I had a standard cab '05 Colorado for a little while. I really like these trucks. I had a 3-way front stage (5.25's in kicks, tweeters on the a pillars and 8' midbasses in the doors, with two 10's behind the seats and a trio of JL slash amps). 

Nice job on the wiring so far. What are your plans for equipment?

Jay


----------



## Chaos (Oct 27, 2005)

Looking good already. What are you going to use for a source unit?


----------



## Mindcrime (Jul 18, 2012)

So far the plan is to use my Kenwood DDX419, with. JBL MS-8. I have some old school Monitor1 4ch amps (3) along with a new Monitor1 MK2.120, and several new MK2.70 amps, not to mention the PPI art series stuff I have..lol

So yes... I am lost! Lol


----------



## DAT (Oct 8, 2006)

goign to be a nice install, great work !


----------



## Guest (Sep 6, 2012)

Agreed, going to be a nice install.
Love those Monitor 1 amps....


----------



## Mindcrime (Jul 18, 2012)

Thanks guys!


----------



## Offroader5 (Apr 8, 2011)

Wait...you measured so that the cable ties were all spaced the same? I thought I was a bit OCD. Nice leased:


----------



## Mindcrime (Jul 18, 2012)

Offroader5 said:


> Wait...you measured so that the cable ties were all spaced the same? I thought I was a bit OCD. Nice leased:


Me OCD? Never....lol 

Rules usually want 8" or less


----------



## cnut334 (Oct 17, 2009)

Looking good so far! Nice work.


----------



## 05_NBP_TL (Jun 4, 2012)

sub'd


----------



## shawnk (Jan 11, 2010)

Looking forward to see more. Nice work on the wiring so far! Seeing "Tiff" brings back a few memories... very cool. I still have a few pieces Tiff in my stash of trinkets.


----------



## Mindcrime (Jul 18, 2012)

shawnk said:


> Looking forward to see more. Nice work on the wiring so far! Seeing "Tiff" brings back a few memories... very cool. I still have a few pieces Tiff in my stash of trinkets.

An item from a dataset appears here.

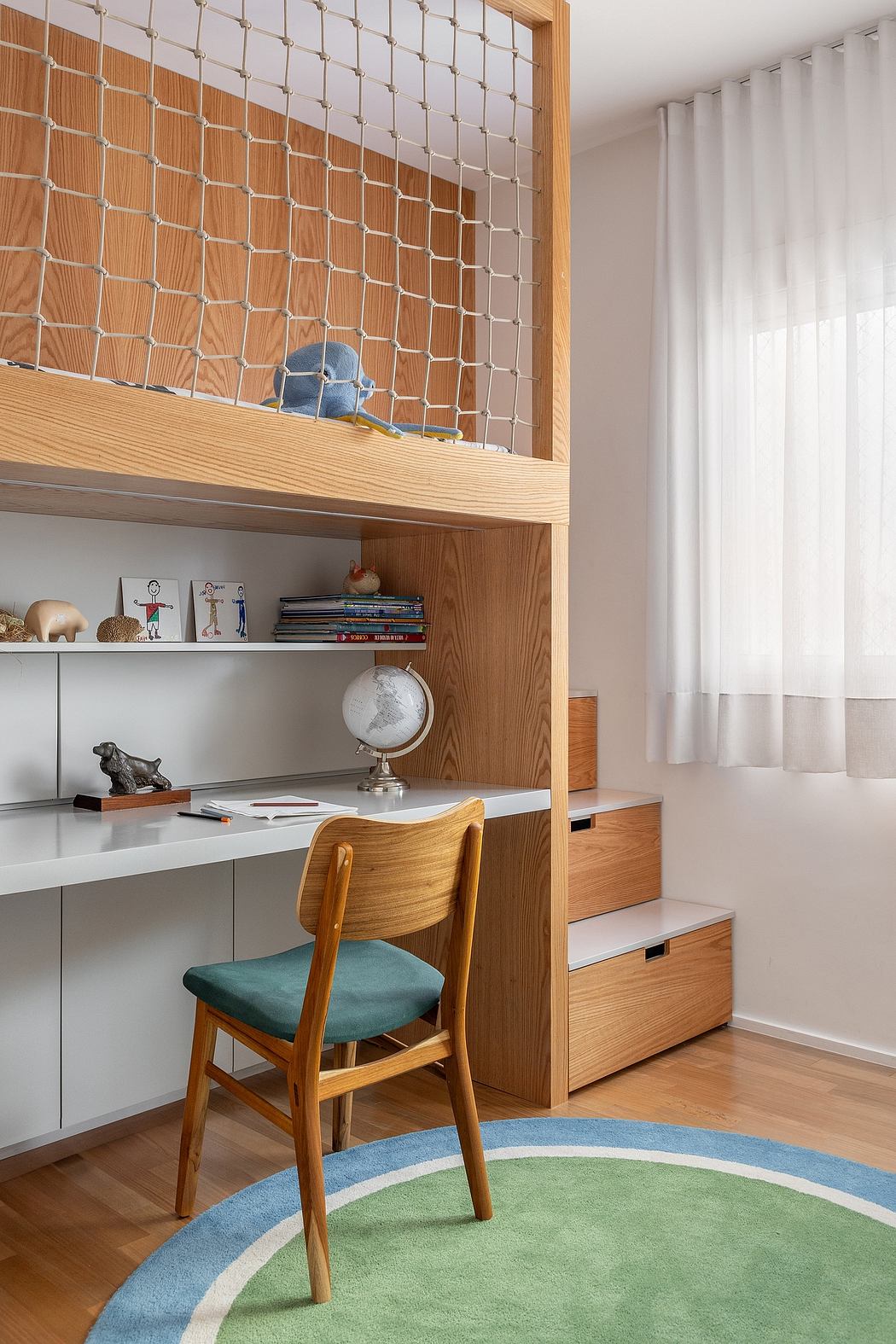 Cozy workspace with wooden shelves, desk, and green upholstered chair on a colorful round rug.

I loved that stuff back in the day! I bought up a ton of it when they were selling everything off on ebay. My stash is almost dried up


----------



## shawnk (Jan 11, 2010)

Mindcrime said:


> I loved that stuff back in the day! I bought up a ton of it when they were selling everything off on ebay. My stash is almost dried up


Well if you need anything, let me know. I don't have a ton, but I think I have a couple batt terminals, some ring terminals, and a distro block. Oh and some of that gray 4ga cable. Maybe a couple other pieces, I'd have to go hunting to see just what I have


----------



## Mindcrime (Jul 18, 2012)

Gray 4ga!?!? I looked high and low for some. I will send you a PM later.... May have to work something out


----------



## shawnk (Jan 11, 2010)

Mindcrime said:


> Gray 4ga!?!? I looked high and low for some. I will send you a PM later.... May have to work something out


No prob. I'll see if I can't dig it out sometime today.


----------



## Mindcrime (Jul 18, 2012)

New plans, I will now be running Audible Physics front stage


----------



## TREOUSAMPS_GP (Dec 24, 2009)

i put rear speakers in one of these a week ago...someone with fiberglassing skills could really do some nice enclosures on the doors..i did notice that gm went really cheap on some stuff on these...i noticed the door metal was really flexible on the rear doors and there was no plastic to stop dust or anything and i noticed it on a different one i worked on too kinda weird they didnt put plastic in cant wait to see how yours turns out


----------



## Melodic Acoustic (Oct 10, 2005)

Mindcrime said:


> New plans, I will now be running Audible Physics front stage


We are honored to have you as part of our small be growing Team sir. It was a no brainer after speaking with you over the phone. I am honored you decide to join and to give the Audible Physics products a shot, as your choices are vast of great products on the market.

Once more Thank you.


----------



## Mindcrime (Jul 18, 2012)

Thanks for having me Mark.


----------



## Mindcrime (Jul 18, 2012)

Update.... 
Audible Physics ....... Check
Mosconi One 240.2 ........Check
Mosconi One 120.4 .........Check
Mosconi 6 to 8 ....... Check


----------



## JayinMI (Oct 18, 2008)

Bigger budget than me, check. LOL

Jay


----------



## Mindcrime (Jul 18, 2012)

JayinMI said:


> Bigger budget than me, check. LOL
> 
> Jay


Lol, yeah, much much more than I should have spent for sure..... I need to start selling off all my old stuff quick! Lol


----------



## wdemetrius1 (Aug 16, 2007)

Subscribed!!!


----------



## Mindcrime (Jul 18, 2012)

Not too much to update, the truck is in my shop getting painted right now, so I have been unable to work on the system, but here is a little audio porn for you all


----------



## Mindcrime (Jul 18, 2012)




----------



## Notloudenuf (Sep 14, 2008)

Mindcrime said:


>


The dog loves them! :laugh::laugh:


----------



## Mindcrime (Jul 18, 2012)

Lol, I figured somebody would comment on that! Lol. 8 month old yellow lab.... I think "nice drivers" she thinks "I wonder what it taste like"


----------



## wdemetrius1 (Aug 16, 2007)

You have the making of a Truly Great System!!!


----------



## papasin (Jan 24, 2011)

That front stage looks familiar   . Sub'd.


----------



## Offroader5 (Apr 8, 2011)

Mindcrime said:


>


Is that the tweeter?


----------



## MTopper (Nov 4, 2009)

Mindcrime said:


> Lol, I figured somebody would comment on that! Lol. 8 month old yellow lab.... I think "nice drivers" she thinks "I wonder what it taste like"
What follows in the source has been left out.